Murder Is My Hobby is an American radio mystery program that was broadcast on Mutual in 1945-1946. The 30-minute program debuted on October 14, 1945, and ended on July 14, 1946. It was sponsored by Mendaco.

Before Murder Is My Hobby was broadcast nationwide, it was carried on six Don Lee Pacific stations, sponsored by Cystex, beginning in April 1945.

Glenn Langan portrayed Barton Drake, a police inspector and the author of the book Mystery Is My Hobby. Drake combined his professions by collecting material for stories while he solved crimes. Rod O'Connor was the announcer, and Richard Wilkinson was the writer. 

The program was revised and retitled Mystery Is My Hobby.
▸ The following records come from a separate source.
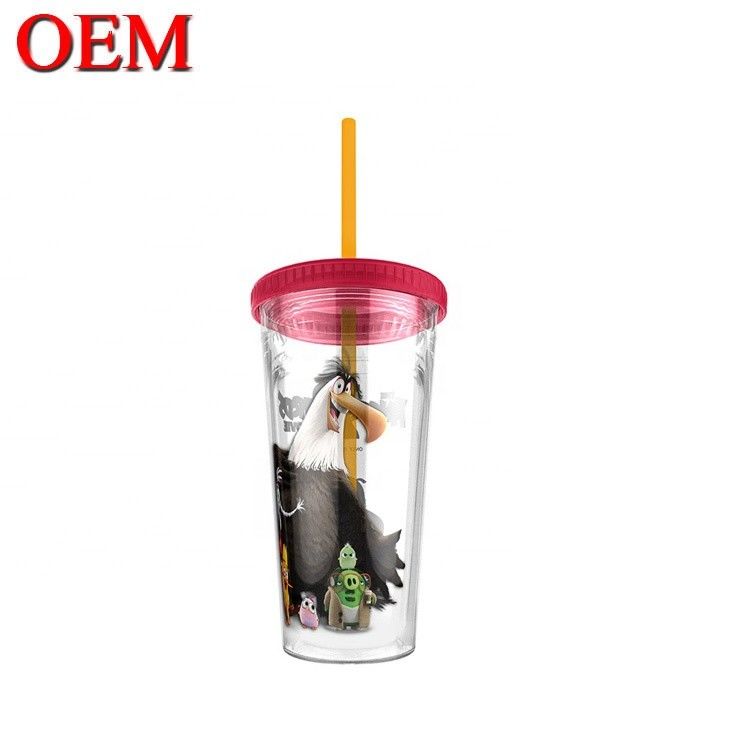 Figura personalizada de plástico de doble pared copa de paja reutilizable copa de agua OEM fábrica de juguetes de plástico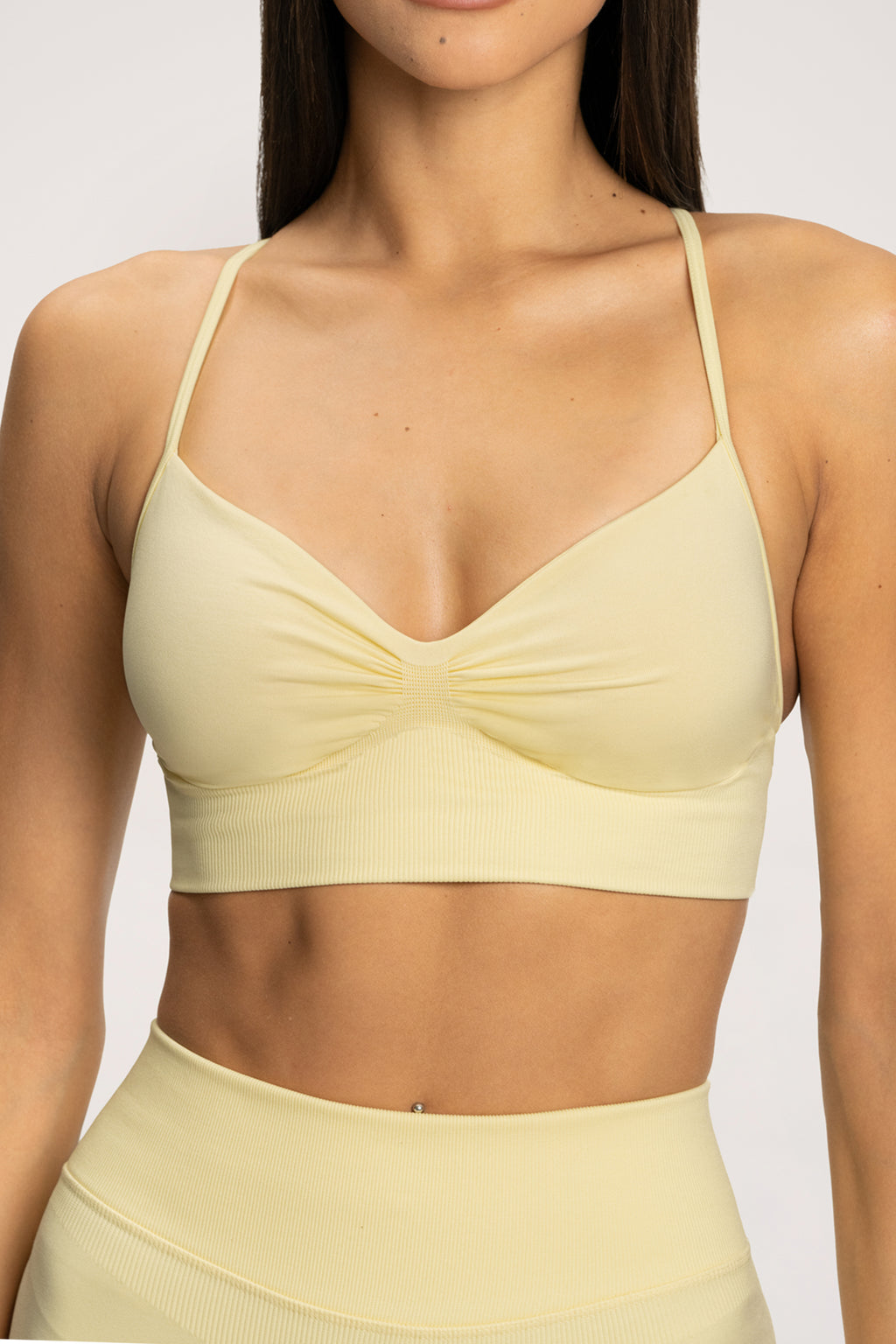 Grudnjak s dubokim izrezom butter yellow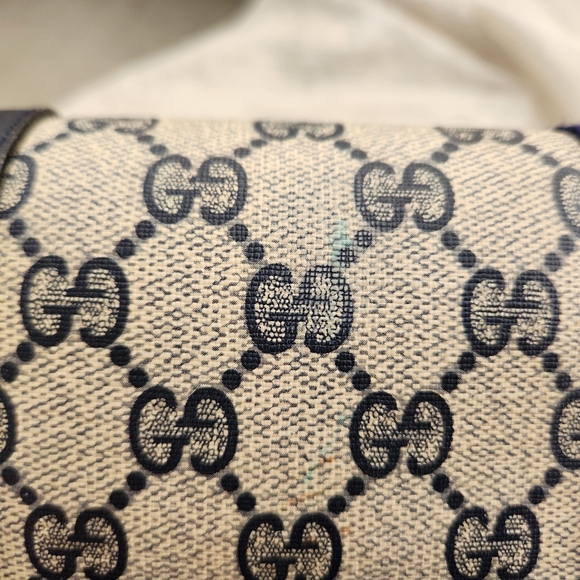 Authentic Gucci Sherryline Clutch Bag - Picture 5 of 11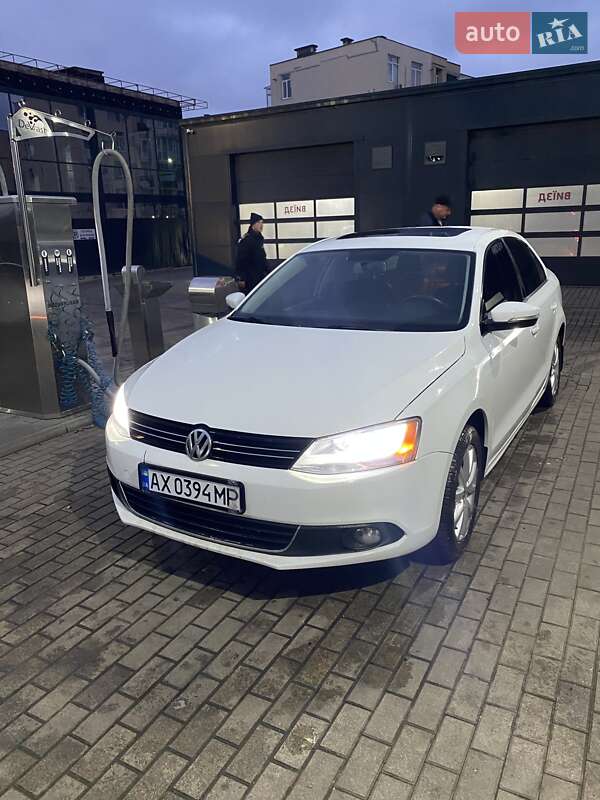 Седан Volkswagen Jetta 2014 в Одесі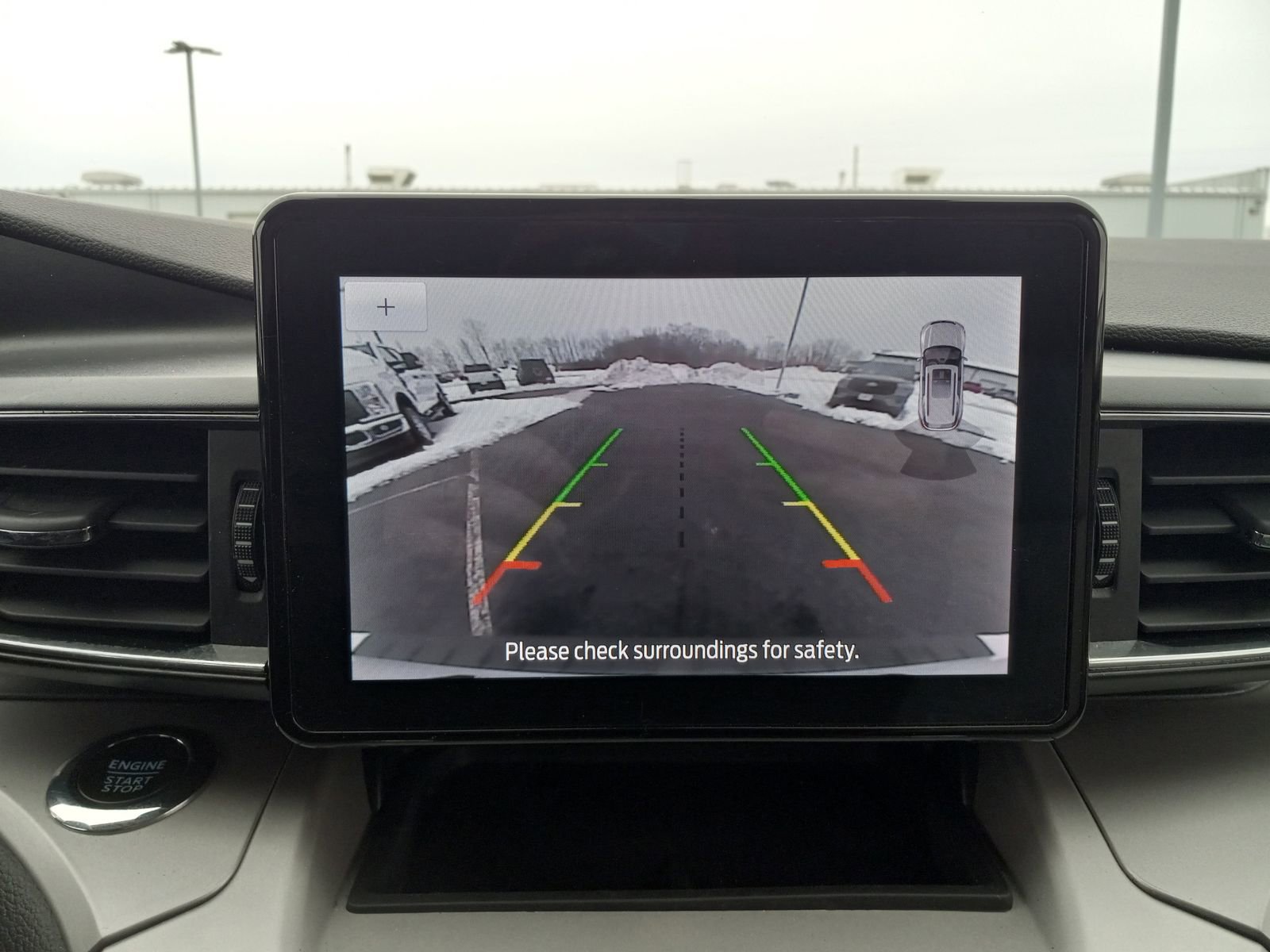 Used 2024 Ford Explorer XLT w/ Equipment Group 202A RWD image 22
It still featured Drake, but he was a "wealthy mystery writer who works with the police". Episodes of the program were presented as cases from the book Mystery Is My Hobby. A typical opening had Drake saying: "For this week's drama I've selected Case History 127 from my book, Mystery Is My Hobby. I call it 'Death Is a Grain of Sand'". At the end of each episode he gave the case number and title of the next week's episode. The show was first broadcast on Mutual, and from 1949 to 1951 it was syndicated. 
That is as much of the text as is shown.